Given data:
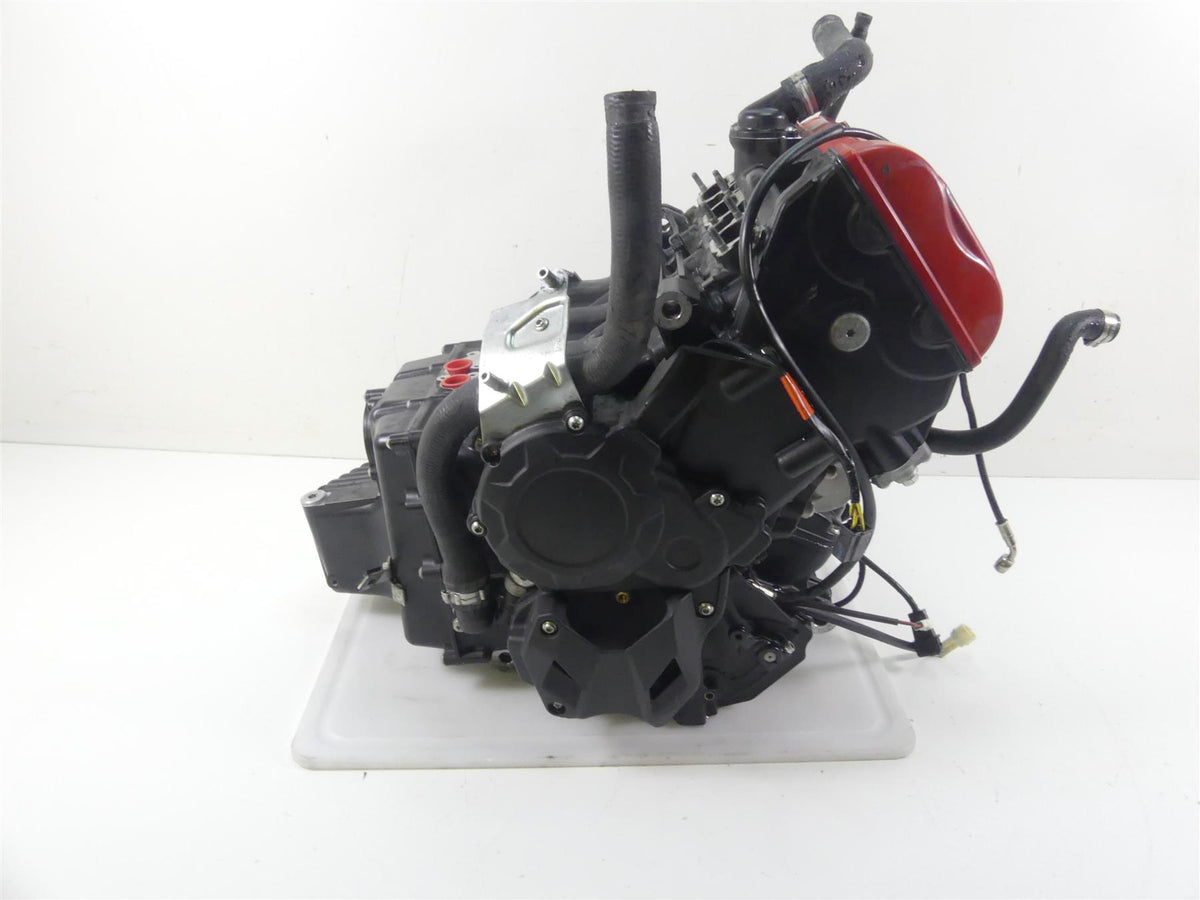 2018 Mv Agusta Brutale 800 RR Running Engine Motor 11K - Video 8A00C3686 {{ shop.shopifyCountryName }} - Mototech271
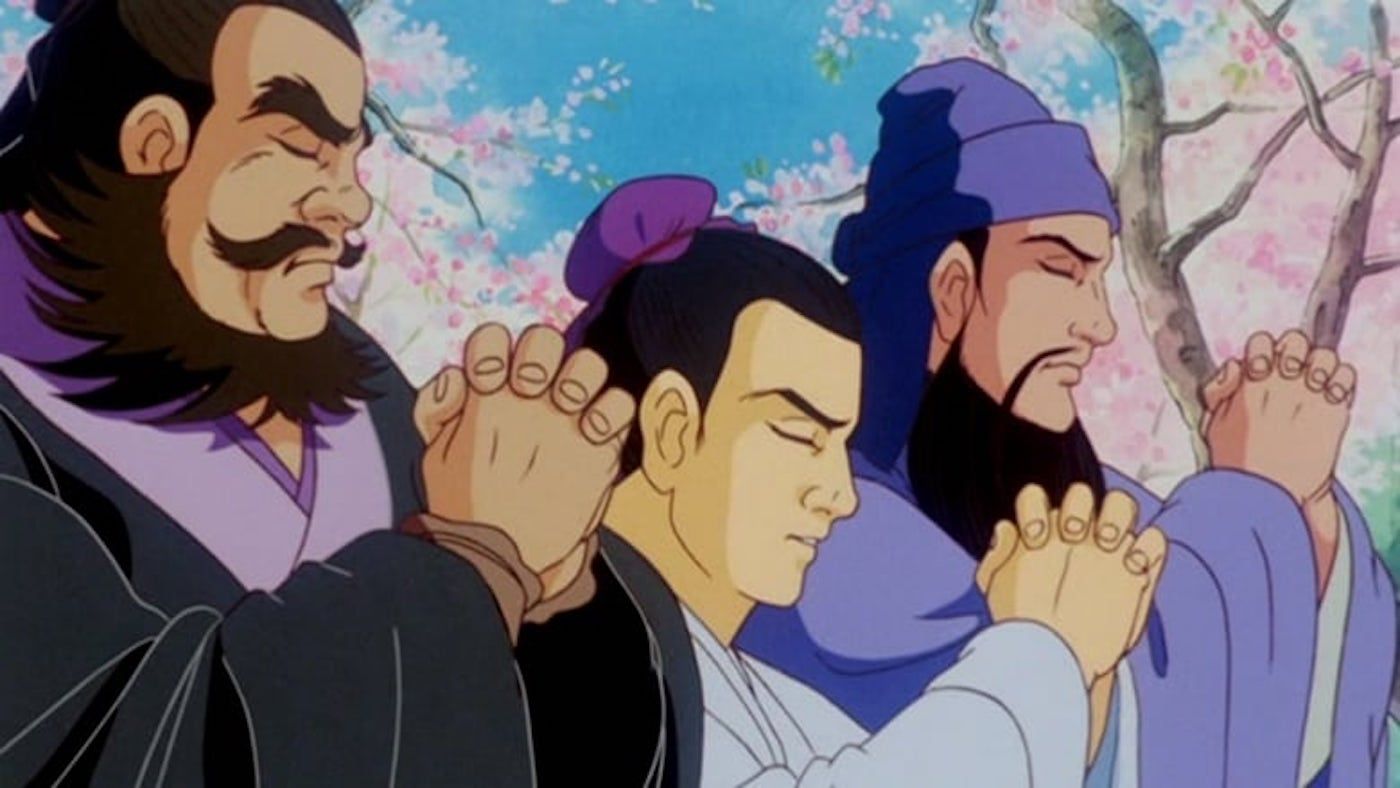 The Longest Animated Films of All Time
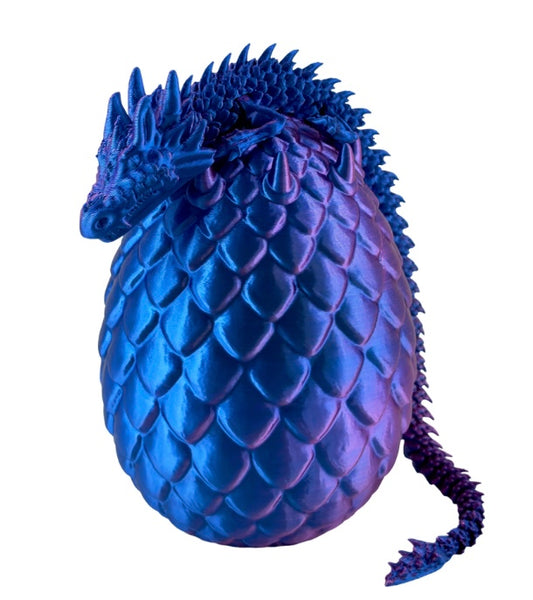 DRAGON EGGZ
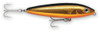 Rapala Skitter Walk - Gold Mullet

Requirement:
In transcribing the listing, keep each word as it is and drop the pictures.

Answer box:
 2018 Mv Agusta Brutale 800 RR Running Engine Motor 11K - Video 8A00C3686 {{ shop.shopifyCountryName }} - Mototech271
 The Longest Animated Films of All Time
 DRAGON EGGZ
 Rapala Skitter Walk - Gold Mullet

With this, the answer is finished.